而据唐段成式《酉阳杂俎》,白居易竟有如此热爱其诗歌的追星族,简直令人叫绝了。“荆州街子葛清,勇不虏挠,自颈以下,遍刺白居易舍人诗,成式尝与荆客陈至呼观之。令其自解背上,皆能暗记。反手指其去处,至‘不是此花偏爱菊’,则有一人,持杯临菊丛。又‘黄夹缬林寒有叶’,则指一树,树上挂缬,缬窠锁胜绝细,凡刻三十余处,陈至呼为‘白舍人行诗图’也。”说实在的,古往今来,中国诗人何止千千万万,但从来没有一位诗人的粉丝,追捧到这等程度者。
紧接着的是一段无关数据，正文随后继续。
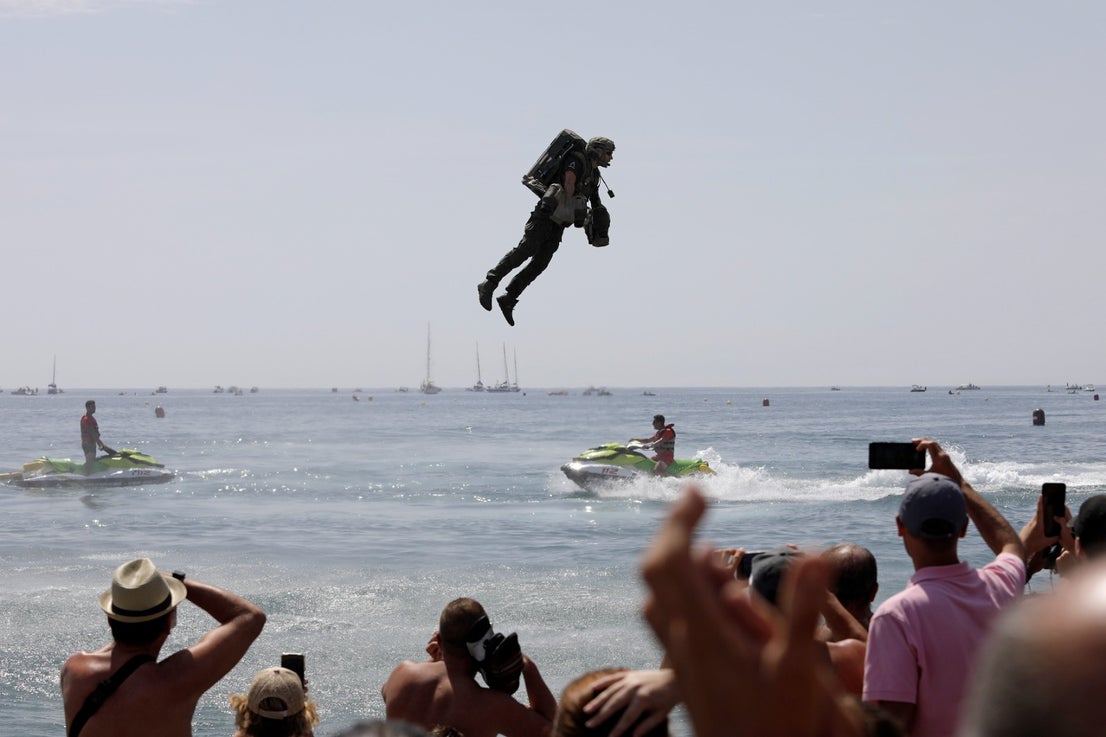 From the early hours of Sunday morning the Torre del Mar beach, on the the Costa del Sol, was full of people waiting to see what is already recognised as one of the best air festivals in Europe. 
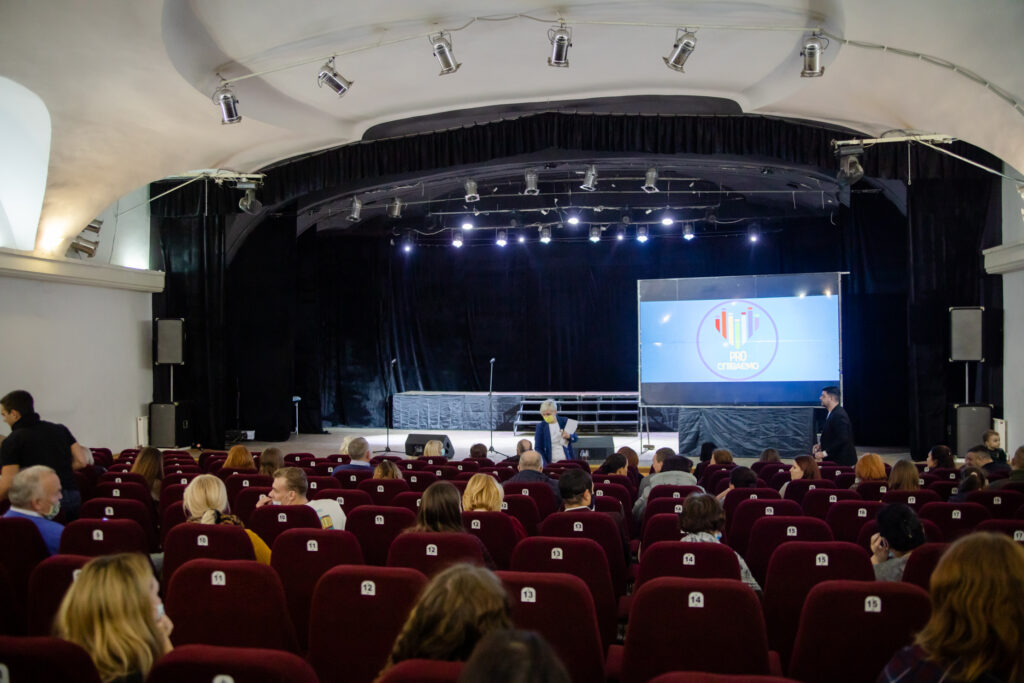 На Дніпропетровщині провели мистецьку акцію «Proспіваємо»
打开整部中国文学史上,与大众如此呼吸相通,生息相关,声气相连,心神相交的文人,还真是很少见有与他相匹敌者。所以,对于我等身在其中的,已经进入21世纪的中国文坛来说,写诗的人,比读诗的人多,读小说的人,比写小说的人少,相较之下,就不免感到相当败兴,相当沮丧,相当打不起精神来呢!